Como já falamos por aqui, o governo precisa renegociar as dívidas dos clubes, porque é uma questão de sobrevivência. Ou renegocia, ou os clubes não terão condição de pagar. É ponto pacífico que a negociação precisa acontecer; a questão é quais serão os termos exigidos. Um deles deve ser exigir que os clubes façam da CBF uma entidade mais transparente e democrática. Mas esse é só um lado. A relação com a CBF deve ser pautada pelas mudanças que o futebol precisa e Dilma, e o seu governo, tem obrigação de falar grosso com a entidade que, atualmente, faz do futebol um esporte deficitário, ao invés de uma indústria produtiva.

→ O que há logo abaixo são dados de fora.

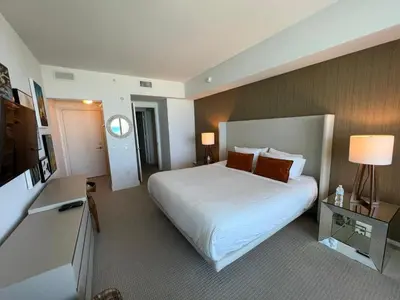 a hotel room with a bed and a television at LYFE, Rent Excelent Apartment in Resort, 4Pax ,Parcial Ocean View in Hollywood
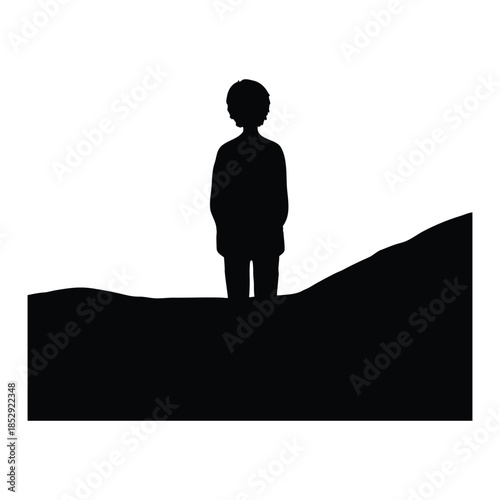 Silhouette of a person standing and staring at the distant horizon
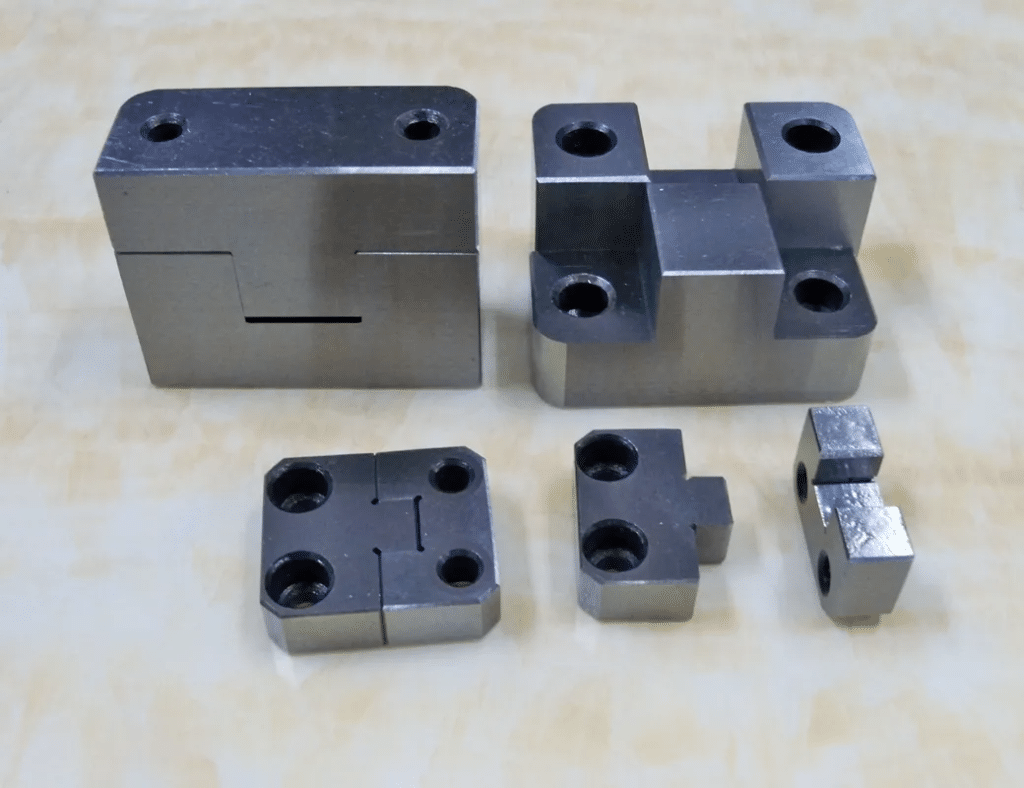 Precision machined mold blocks and inserts with tight tolerances for injection molding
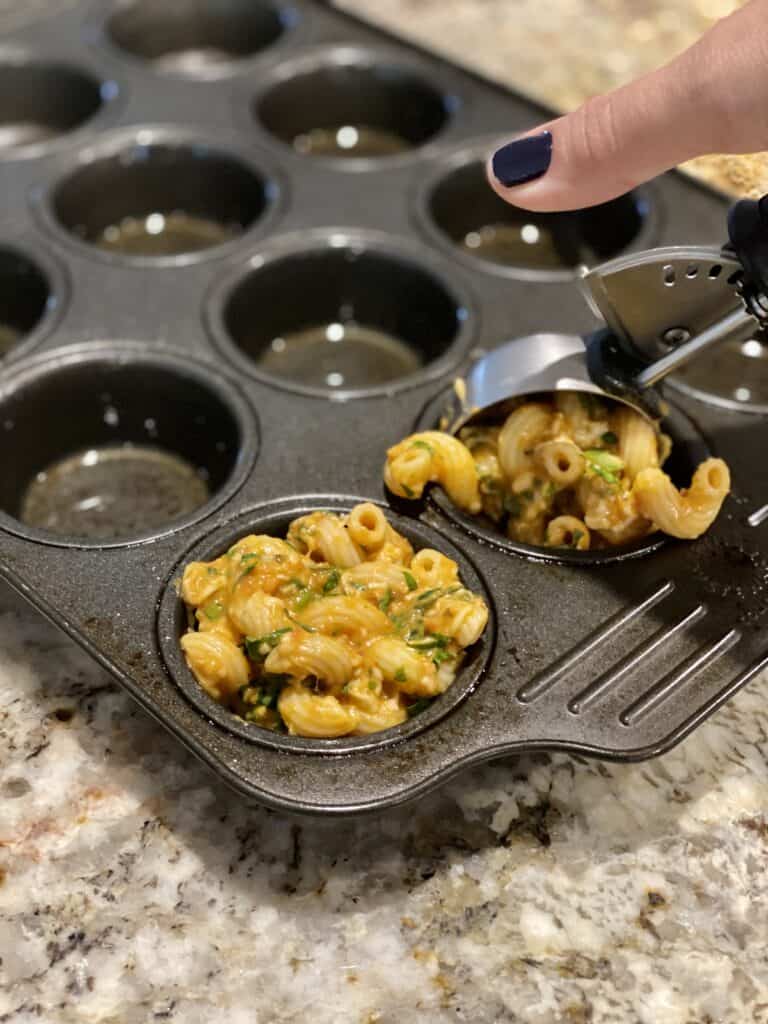 Using an ice cream scoop to put pasta in muffin tin.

A sinalização de Dilma durante o seu primeiro mandato foi de uma relação mais dura com a CBF, mas isso nunca se concretizou. Na campanha, novamente a presidente colocou em termos duros as suas críticas à CBF. Resta saber se, agora, reeleita, ela fará as mudanças que são necessárias. O futebol não é uma prioridade do governo de Dilma, como nunca deveria ser em governo algum. Mas é uma questão que precisa, sim ser tratada, e há uma chance história para isso. Nos países onde há os melhores exemplos, o futebol de tornou um forte setor de geração de emprego e riqueza. Basta lembrar, por exemplo, da Inglaterra, onde os impostos são altos para quem tem renda alta como os jogadores de elite do futebol do país, um campeonato que gera atração e dinheiro para TVs do mundo todo. O futebol no Brasil tem potencial e força para isso. Mas é preciso lidar com a CBF e seus cartolas que parecem não ver o que é óbvio para candidatos da situação e da oposição ao governo federal. Passou da hora de agir. Dilma Rousseff tem a pauta de mudança, incluindo um dos motes da sua campanha, o “Muda Mais”. Tá na hora de fazer o futebol mudar mais. Como a campanha chamou, em todos os lados.